Instructions to follow: Begin the copy at the line containing "Leon Brown Quotes: Your" in the data below and end it at the line containing "Kızılay, Tendürek Dağı'nda", keeping each line exact and leaving out pictures.

Excerpted records:
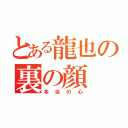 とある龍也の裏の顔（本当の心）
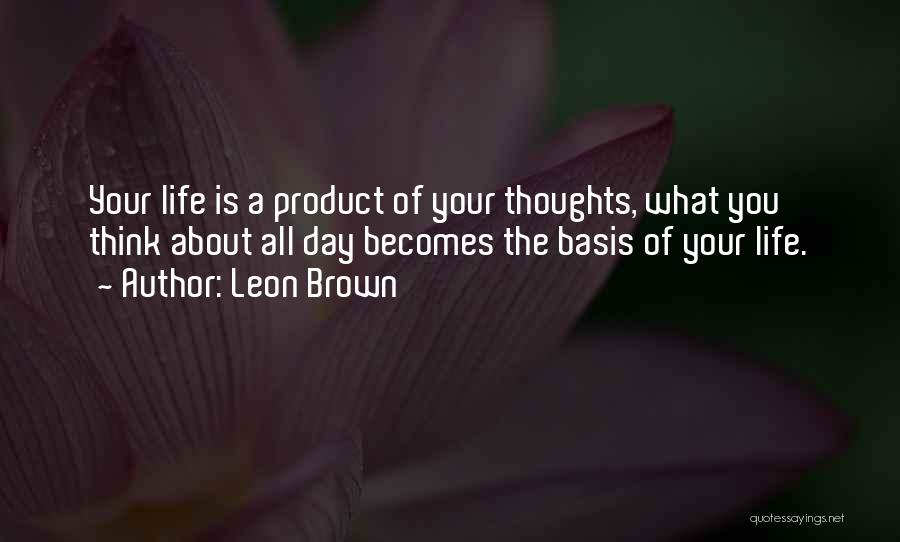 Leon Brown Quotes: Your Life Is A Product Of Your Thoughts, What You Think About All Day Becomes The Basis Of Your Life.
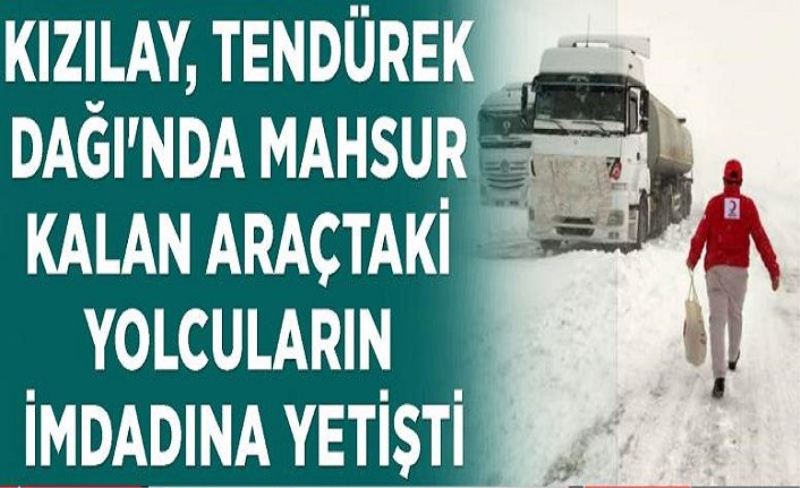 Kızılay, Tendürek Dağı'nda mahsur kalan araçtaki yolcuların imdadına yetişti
* * *
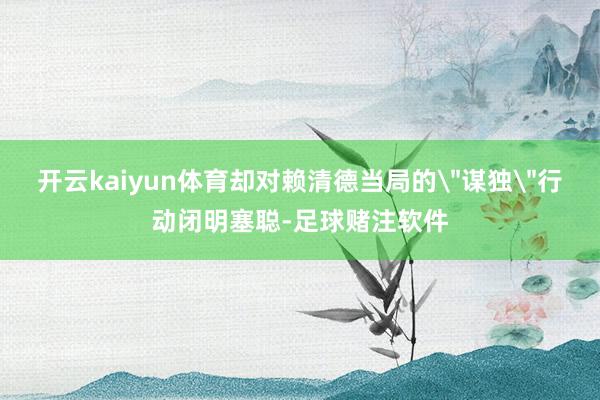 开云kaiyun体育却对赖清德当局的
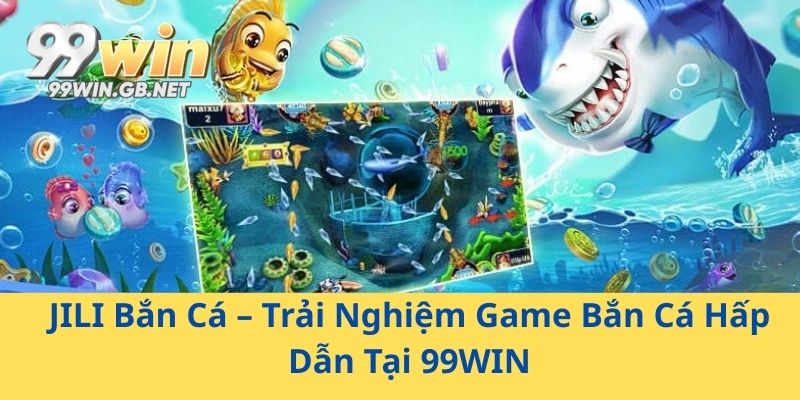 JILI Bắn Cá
--
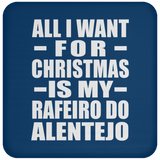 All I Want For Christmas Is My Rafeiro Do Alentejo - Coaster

Completed exercise:
 Leon Brown Quotes: Your Life Is A Product Of Your Thoughts, What You Think About All Day Becomes The Basis Of Your Life.
 Kızılay, Tendürek Dağı'nda mahsur kalan araçtaki yolcuların imdadına yetişti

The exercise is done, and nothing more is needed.